Defendants next argue they were denied a fair trial because one of the jurors was the wife of a judge who previously sentenced Bracey to prison. During voir dire it was learned that Dorothy Downing was the wife of Justice Robert Downing of the Illinois Appellate Court and that Justice Downing had previously served as a criminal court judge in the circuit court of Cook County. Mrs. Downing stated, however, that although her husband was a judge, it would not cause her to favor one side or the other, and she assured the court that she could be impartial. The record reveals that defense counsel possessed Bracey’s conviction record which showed that in 1970 Judge Downing sentenced Bracey to 12 to 36 years in prison for armed robbery. Despite this fact, no objection was raised to Mrs. Downing being sworn as a member of the jury, nor was any allegation of prejudice asserted in defendants’ written motion for a new trial. The failure to challenge a juror for cause or by peremptory challenge waives any objection to that juror. (People v. Ford (1960), 19 Ill. 2d 466, 475; People v. Hotchkiss (1931), 347 Ill. 217, 219-20.) Here the jury was *272duly accepted by the defendants; they cannot now be heard to complain that they were denied a fair trial.

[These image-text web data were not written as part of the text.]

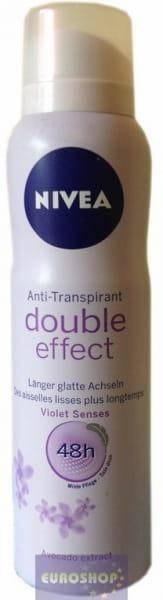 Nivea antyperspirant spray Double Effect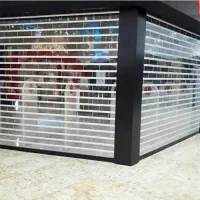 کرکره برقی ،درب شیشه‌ای اتوماتیک|خدمات پیشه و مهارت|پردیس, شهرک صنعتی خرمدشت فاز ۷|دیوار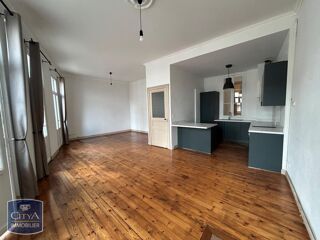  Appartement à louer 3 pièces 88 m²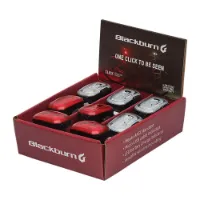 Blackburn Click Usb 8 Units Cykellampset Blackburn Click Usb 8 Units Cykellampset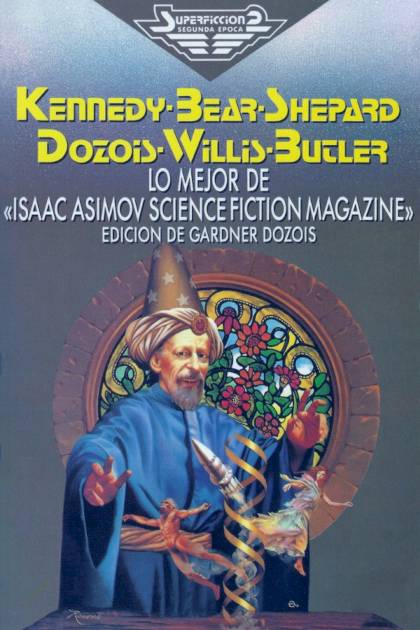 Lo Mejor De «isaac Asimov Science Fiction Magazine» – Aa. Vv.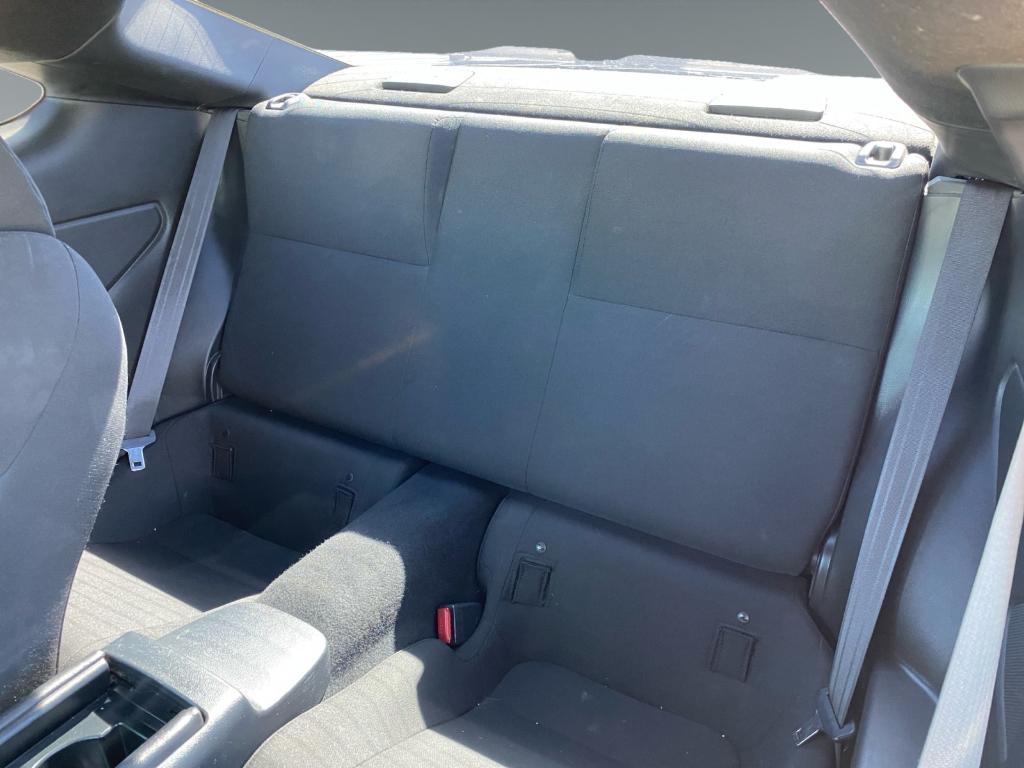 used 2022 Toyota GR86 car, priced at $24,658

Defendants complain that they were denied effective assistance of counsel because their attorneys did not impeach Nellum with his grand jury testimony. Nellum’s testimony before the grand jury — as is often the case-consisted entirely of affirmative responses to leading questions. He was not asked about his knowledge concerning the location of the handguns used in the murders, nor did he volunteer any information on the subject. Defendants contend that his knowledge of the disposal of the weapons was a matter which one would have reasonably expected him to disclose to the grand jury, and his failure to do so provided a basis for impeachment by omission which their attorneys failed to utilize. Assuming for the sake of argument that Nellum should have disclosed his participation, it cannot be said that the failure to impeach him by omission constituted inadequate representation.

At trial Nellum admitted under cross-examination that, despite taking part in disposing of the handguns in Lake Michigan, he denied any knowledge of their whereabouts when originally questioned by the police. Having thus established that Nellum had, in fact, lied, nothing further could have been accomplished by counsel then showing that he omitted to tell the grand jury of his involvement in disposing of the weapons.

Defendants further assert it was incompetence of counsel to reveal to the jury that Judge Downing previously sentenced Bracey to a 12- to 36-year term in the penitentiary. Bracey’s attorney — undoubtedly anticipating impeachment by the State — sought to blunt the effect of Bracey’s criminal record by exposing it on direct examination. In doing so, he referred not only to each conviction but also to the name of each sentencing judge. Defendants contend it was unnecessary and exhibited *273“gross incompetence” to mention Judge Downing’s name when Mrs. Downing was a member of the jury.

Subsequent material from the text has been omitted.